This as-told-to essay is based on a conversation with Alma Valencia. It has been edited for length and clarity.
After doing the math, I became my mom's primary carer in June 2020. It made sense because we wanted the best for her — and our family struggled to afford full-time, outside help.
Mom — who has frontotemporal dementia and needs 24-hour supervision because she wanders around, day and night— qualified for In-Home Supportive Services (IHSS) paid through the state of California.
It took a lot of form-filling and communication with the doctors and protective services to complete the process. There was much back and forth about her finances. She had zero assets, and we had to prove she was living at the poverty level.
Still, she only received 30 hours of care a month. The rest of the time, we had to pay a sitter or make up the shortfall ourselves.
At the time, I was working long hours as a technical designer for a fashion company. My annual salary was around $90K. I'd often have to take time off or call in sick to stay with Mom, drive her to medical appointments, and deal with Social Security and mountains of paperwork.
It was particularly difficult because I simultaneously cared for my 12-year-old daughter, Amelia, and my 25-year-old son, Daniel. I was stretched thin as a so-called "sandwich generation caregiver." At one point, I had no choice but to take family leave.
Although my work team supported me, I couldn't help feeling I was doing them a disservice by falling behind.
One evening, I was working late on a project. My mind was so strained that I made a mistake. My boss got frustrated and texted to say she was disappointed in me.
I'd already missed a school event for Amelia, and my mom's sitter needed to leave. I cried myself to sleep because I didn't know how to fix the situation. Things were breaking down at work and home.
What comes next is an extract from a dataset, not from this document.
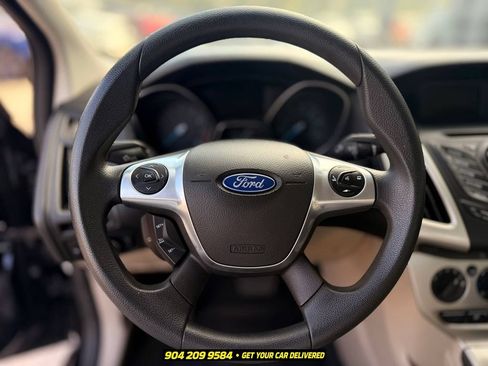 Used 2014 Ford Focus SE FWD image 15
I felt like I wasn't there for either my kids or my mom.
My hand was forced when I was laid off at the beginning of the pandemic. It was upsetting, like, "Thank you very much and goodbye."
My husband, Juan, 52, and I discussed coping. The only reasonable solution was for me to work for the state as Mom's carer. I contacted the social worker, and her hours of care were finally increased to 250 a month.
My earnings were $15 an hour. There was zero training. I just had to get on and do it.
It was difficult in the beginning. I had to let go of the part of my identity in what's considered more of a profession. "Please, can somebody else take the weight?" I'd think.
But I got inventive. Our apartment is 680 square feet with two bedrooms and one bath. Amelia has one bedroom, and Mom, 72, has the other. Juan and I sleep on a fold-out sofa bed in the living room. We joke about it. We call it "small space, big style."
I've set up strategies and routines and organized everyone. Little by little, I've started getting a good rhythm. "OK, I can do this," I told Juan. Eventually, I accepted my caregiving role as my vocation.
I'm now paid $17.50 an hour — $2.50 less than the minimum wage in California. Our union is working on an increase. We deserve better.
The baby boomer generation is living longer but also getting sick as they age. Many in my generation and younger are ignoring the reality that their loved ones will need help. Caregiving must be seen as an actual job. People have told me, "Oh, you're just a caregiver." But they don't understand what it takes.
I'm not a doctor or a nurse. I don't know what's happening inside Mom's brain or body, but I'm trying to figure it out. She has aphasia and limited ability to speak. I've had to learn a different language to communicate with her.
I started an Instagram to share my story as a caregiver. I like to highlight the moments of joy. I've posted photos of our family vacations in a camper van — Mom included — to places like San Francisco and the Grand Canyon. I recently posted a photo of Mom and me dancing together in our apartment.
It's a challenge, but I am providing the life that my mom wanted. She always said that she didn't want to be alone. Up until the day she dies, she will always have me.